Q. Many business owners would look at your sudden success with envy and say, “Seize the day, expand, add new locations, franchise.” Why not you?
Ms. Esparza: It would change our values. That is the American way — to expand without really thinking.
Mr. Lessins: We really enjoy the work that we’re doing and we don’t want to cheapen it. Consciously or unconsciously — probably both — we’re trying to create a manageable way to earn a living and still maintain our sanity. We value time as much, if not more so, than money.
Q. Are you making the kind of money you had hoped to?
Ms. Esparza: We just met with our accountant and we’re very happy, given the hours we have.
Q. People have compared you to the Soup Nazi on “Seinfeld.” Where do you think that comes from?
Ms. Esparza: That comes from American culture. The customer really isn’t always right. We believe we have the expertise to bring the best product. We don’t randomly put these ingredients together. We spend the time to test these and try them.

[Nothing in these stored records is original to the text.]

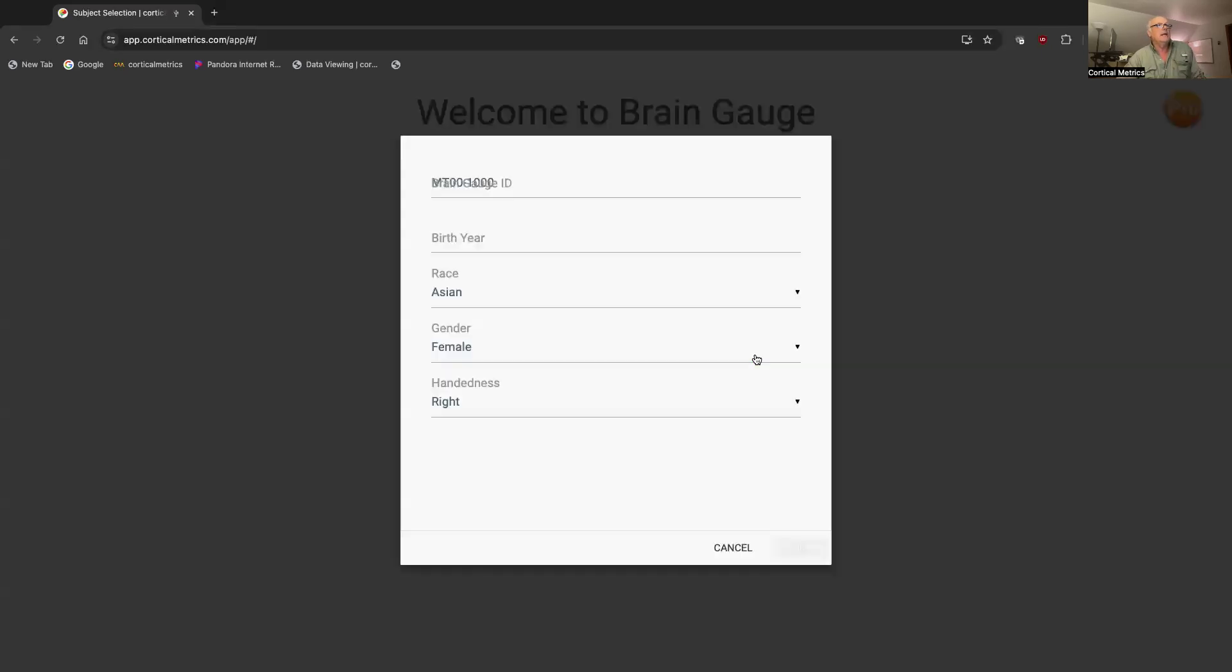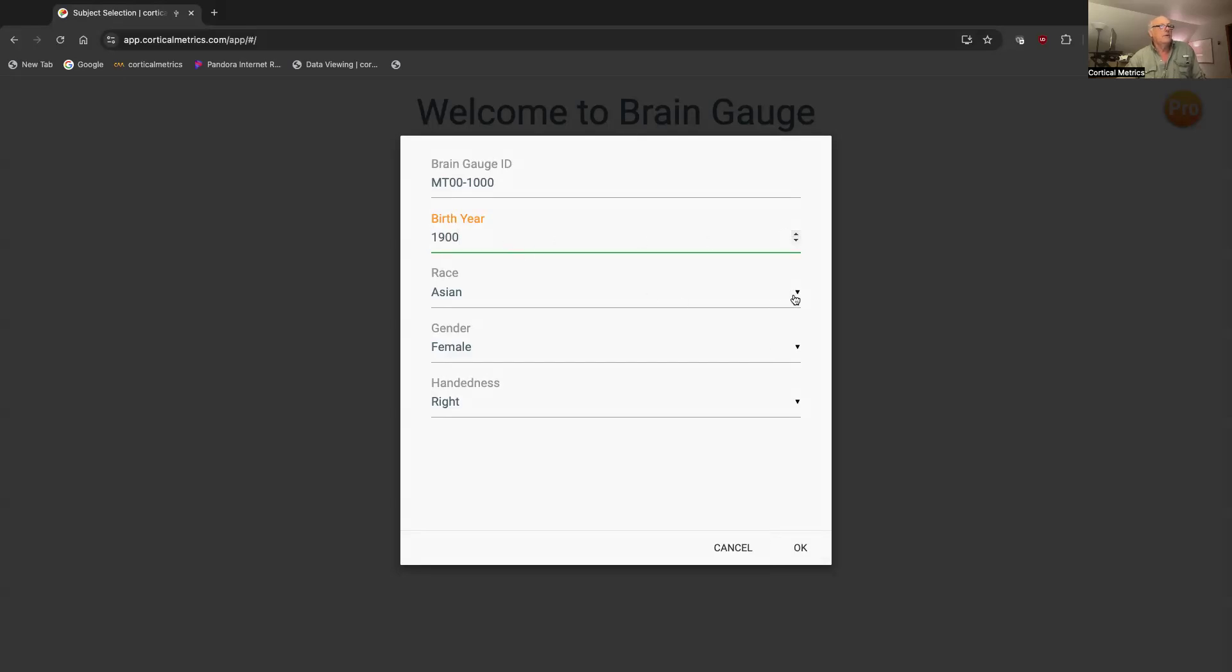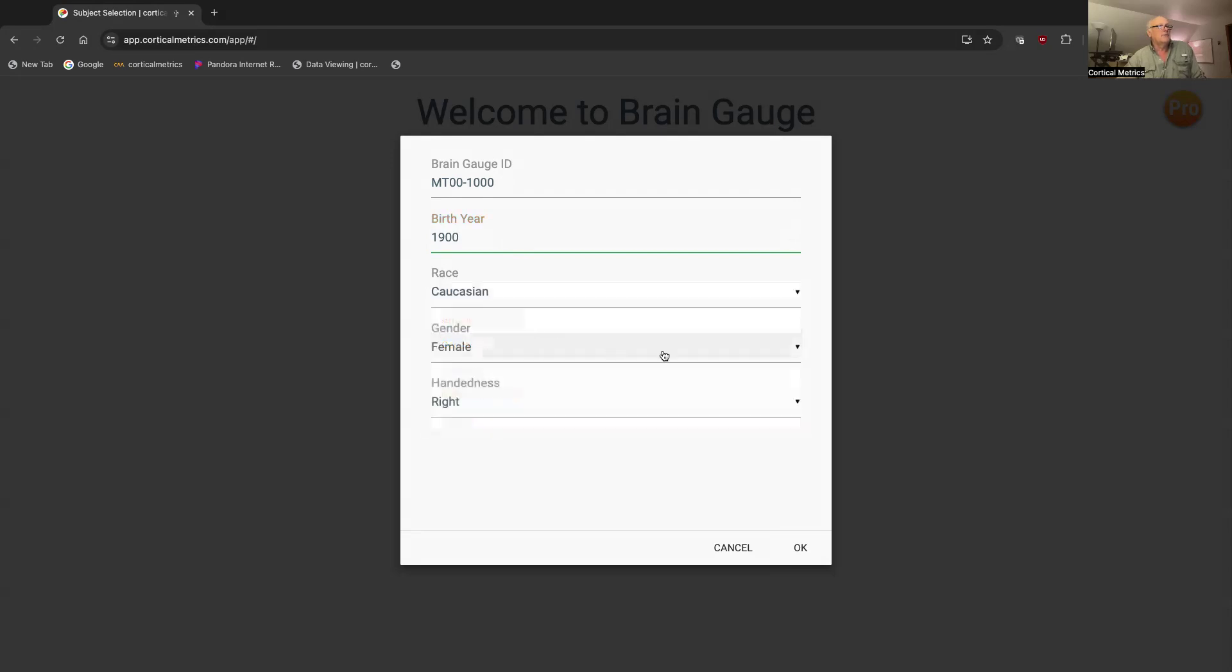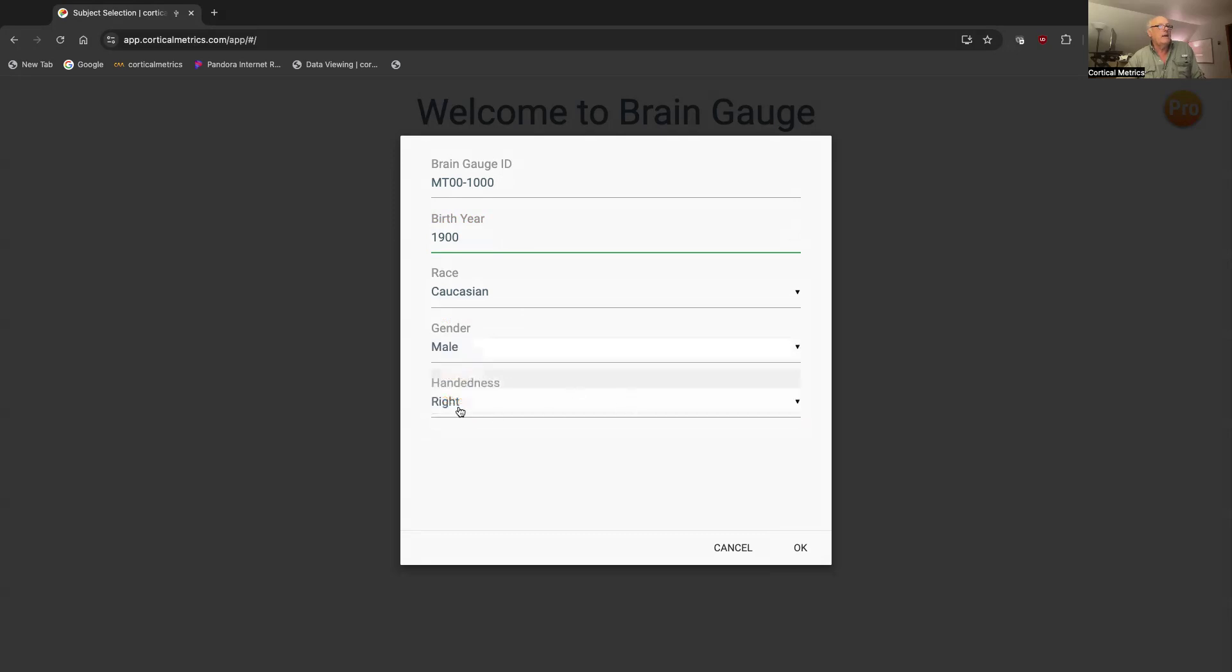So I'm going to click here. It's going to ask for birth year, and since I'm really old, I'm just going to settle for 1900. I'm going to identify myself as Caucasian. None of these things are really important - the main thing is handedness, and that really has to do with testing.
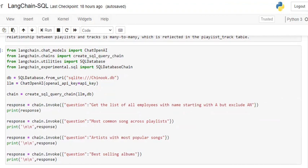The second part is we are creating a ChatOpenAI agent using the API key from OpenAI. The third part is we're using the create_sql_query_chain—we are passing the LLM object that we have created using ChatOpenAI and the database object that we have created using SQLDatabase. Now once the chain is ready with us, we will be providing the prompts and expecting SQL queries in return.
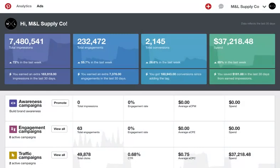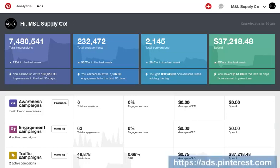To access Ads Manager, you'll need to have a business account, which you can get at business.pinterest.com. To get to Ads Manager, go to ads.pinterest.com, where you'll see your overview page. This summarizes all activity from your ad account across different bid types for the last 30 days.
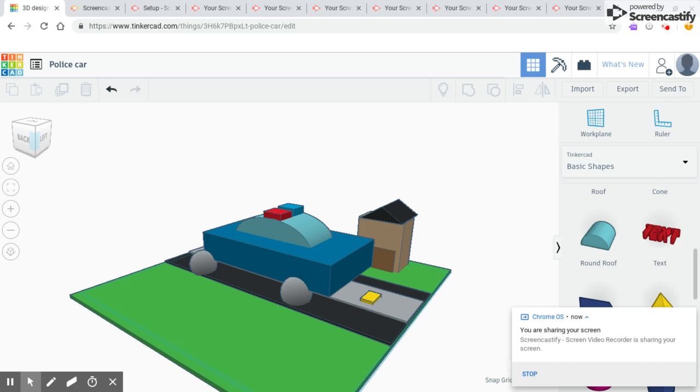This is my 3D design police car. I used a square to make grass and I colored it green.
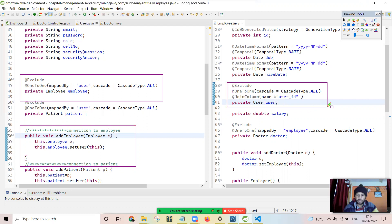Due to Spring Data JPA, it is very easy. When we retrieve data from the database, we can easily get — for example, if I retrieve only employees, I will be getting all the connected users automatically.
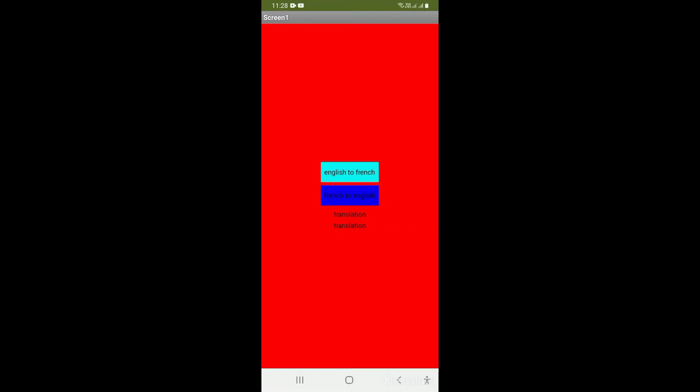Hi guys, welcome back to the science recording. So today in this video we are going to do another project on MIT App Inventor. So this is our project: Translation.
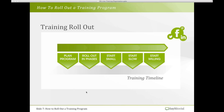Start slow — don't try to roll it out to everyone at once. Select a small group, roll out the first part, and then bring more people into the training program as time moves on. Who do you start with? Start with those who are willing, those who are ready, and those who have a specific need for training. That small group can also become champions for your ongoing training program and initiatives.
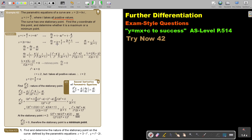dx over dt will be 2, and then it will be 1 over t. And if I make it one fraction, put this over 1, then multiply t, so it's 2t plus 1 over t. And if I swap it around, then it's t over 2t plus 1.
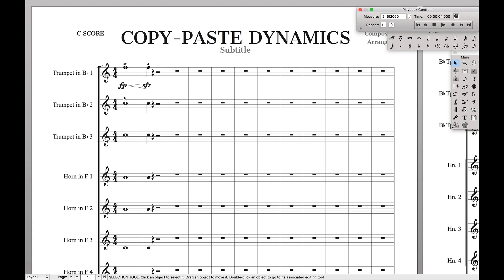Well, luckily, there's a solution built into Finale that allows you to do this without having to copy the notes themselves and then rewriting everything. You just copy specific things like the dynamics.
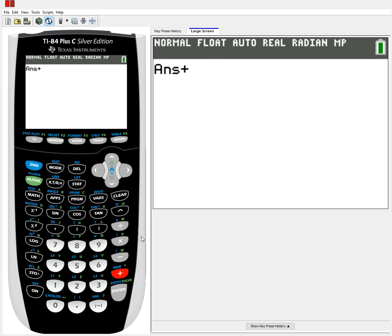Hello! Welcome to a new calculator tutorial for the TI-84 Plus. Today we'll be discussing how to use a few of the random functions available for the Texas Instrument calculators. Note that these are not truly random, and are more considered to be pseudo-random.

Q. So no substitutions? No extra anchovies?
Ms. Esparza: Substitutions are specifically for people who might have a dairy issue. Our goal is to have a very edited menu, and therefore there really are no extras. We don’t offer crushed pepper. When we put options together, they’re put together for a reason. We have such an edited menu, and it’s shocking how much people still want to manipulate it.
Q. In online reviews, some customers have complained about rudeness or arrogance. Where do you think that perception comes from?
Mr. Lessins: I think that perception of arrogance has to do with the sense of entitlement and a lack of respect for someone wanting to do their job. We’re just trying to do the job the best we can. We’re trying to provide a quality experience for everyone who comes in. In the food service business, it’s assumed that the customers have a set of God-given birthrights when they come into an establishment. It’s like they’ve been wronged in a lot of parts of their lives, and this is their chance to even the score.
Q. What does customer service mean to you?
Ms. Esparza: Great service for us is the quality of food we bring to the table.
Q. One of our “You’re the Boss” bloggers suggested that if you raised prices, you would make more money and have fewer but happier customers.
Ms. Esparza: That goes to an elite crowd and we’re not after that.
Mr. Lessins: That’s kind of using an economic tool to force an end result. We would just never do that. We want to offer things at a price we think is fair. Ultimately, we want to have it accessible to a broad range of people.
Q. Why not hire more help? Does Nick really have to make every single pizza?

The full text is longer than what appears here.